- Supreme Court of Canada

Hearing: December 12, 1991 Judgment: July 9, 1992
- Citations: 1992 CanLII 74 (SCC), [1992] 2 SCR 679

Court membership
- Chief Justice: Antonio Lamer Puisne Justices: Gérard La Forest, Claire L'Heureux-Dubé, John Sopinka, Charles Gonthier, Peter Cory, Beverley McLachlin, William Stevenson, Frank Iacobucci

Reasons given

= Schachter v Canada =

Judgement of the Supreme Court of Canada

Schachter v.

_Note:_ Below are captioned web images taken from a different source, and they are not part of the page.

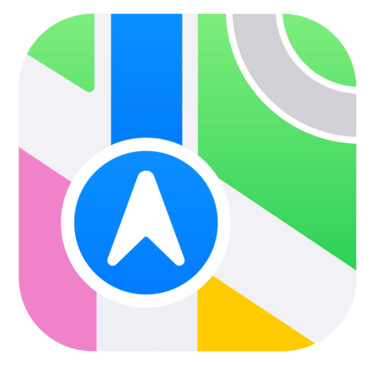 A colorful navigation map app icon featuring a blue GPS arrow symbol on a stylized grid of roads and parks.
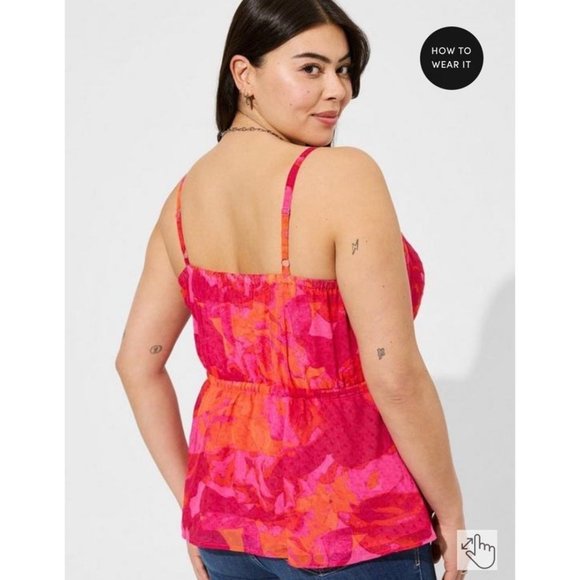 Torrid Chiffon Clip Dot Ruffle Tie Waist Tank Size 00 NWT - Picture 5 of 5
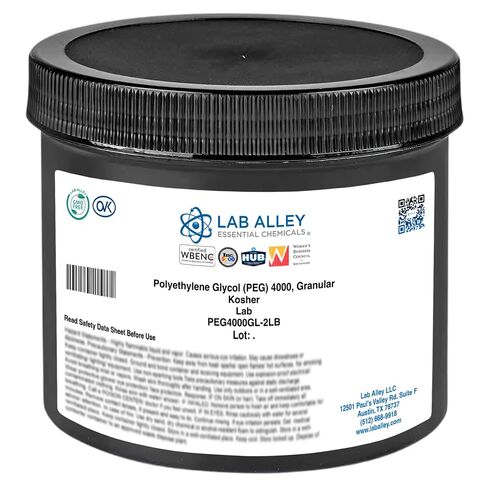 Lab Alley بولي إيثيلين جلايكول (PEG) 4000، حبيبي، درجة مختبر، موافق للشريعة اليهودية، لترسيب البروتين، وتخليق الهيدروجيل، وتطبيقات إضافات الأسمنت (5 رطل) in Kuwait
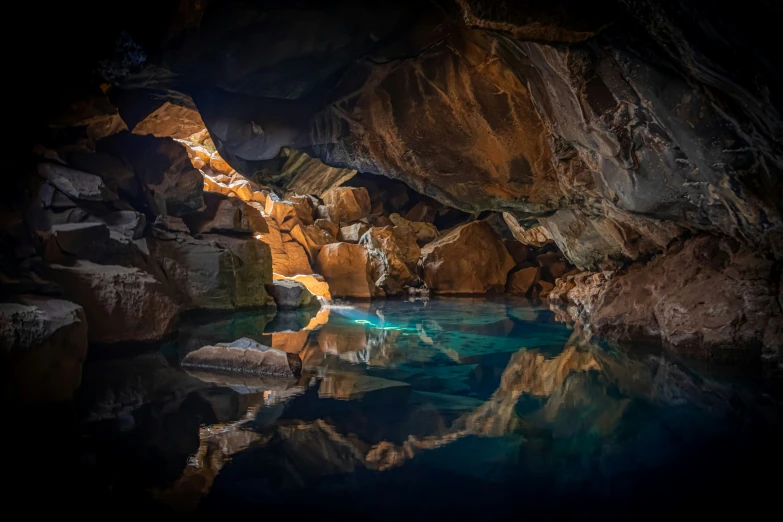 a group of water pools in an underground cave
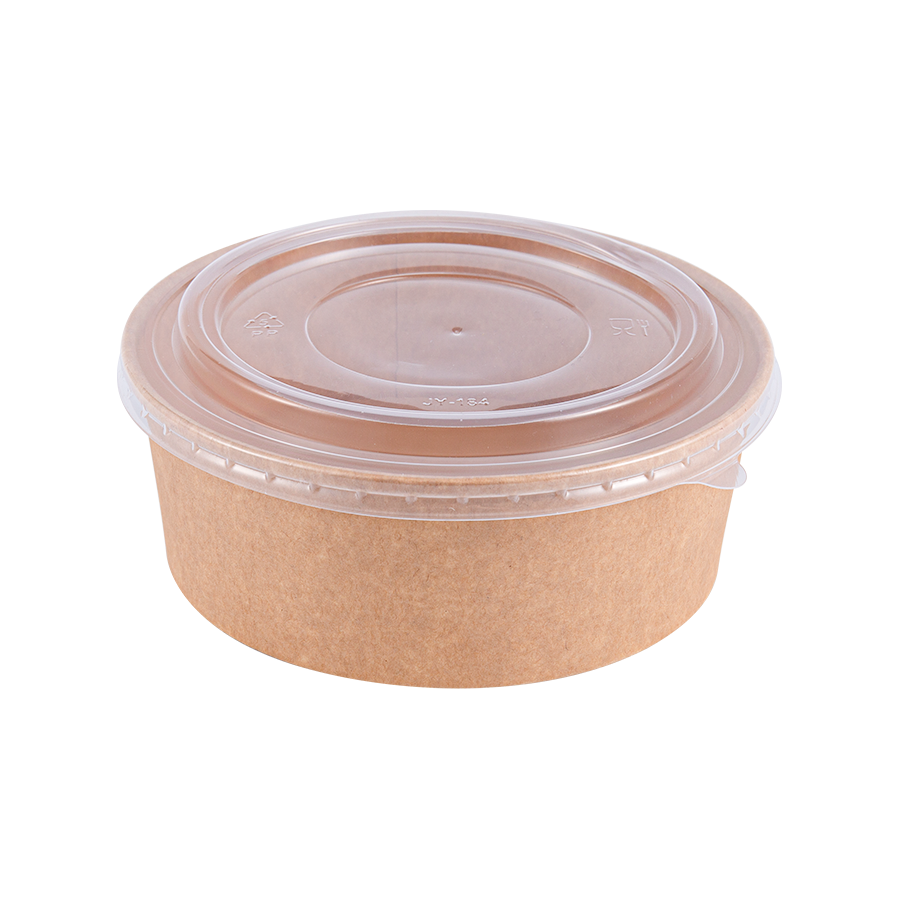 500ml Grease-Resistant Kraft Round Paper Bowl na may 150mm Opening Diameter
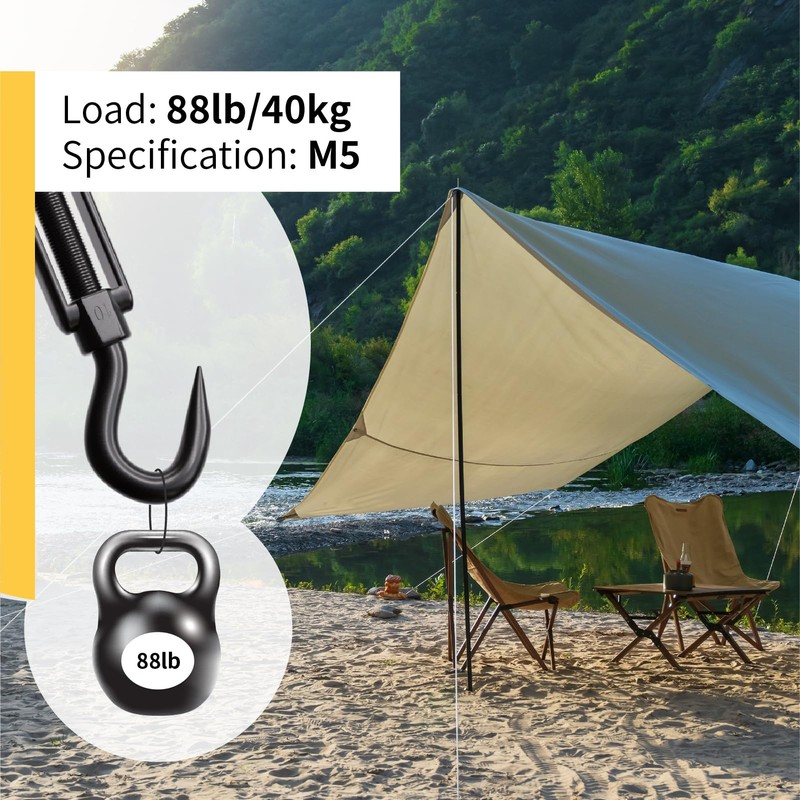 RiaYer 5PCS M5 Hook & Eye Turnbuckle 304 Stainless Steel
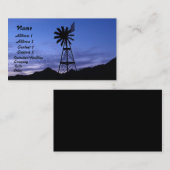 Silhouette einer Windmühle Visitenkarte (Vorne/Hinten)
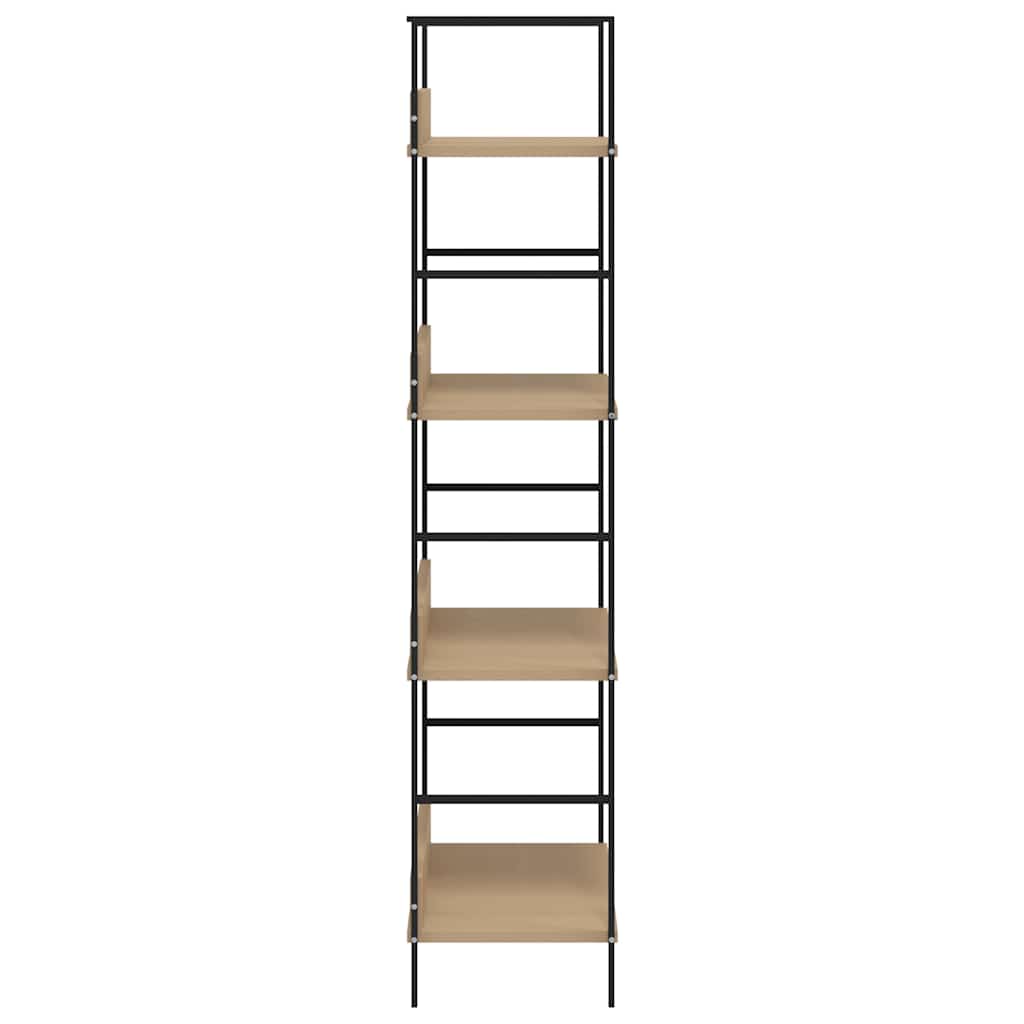 Boekenkast 4 schappen 60x27,6x124,5 cm bewerkt hout eikenkleur is nu te koop bij PeponiXL, paradijselijk wonen!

Canada [1992] 2 S.C.R. 679 is the leading Supreme Court of Canada (SCC) decision on the remedy provisions in sections 24(1) of the Charter of Rights and Freedoms and 52(1) of the Constitution Act, 1982. The SCC provides a list of remedies available under each section.

Under section 52(1), the impugned law may be subject to any number of remedies: the law may be struck down completely, it may be suspended until remedied by the legislature, it may be read down to avoid the violation, an omission may be read into the law, or the impugned provision may be severed.

Under section 24(1), the victim of the impugned law may apply for either a constitutional exemption, an injunction, or damages.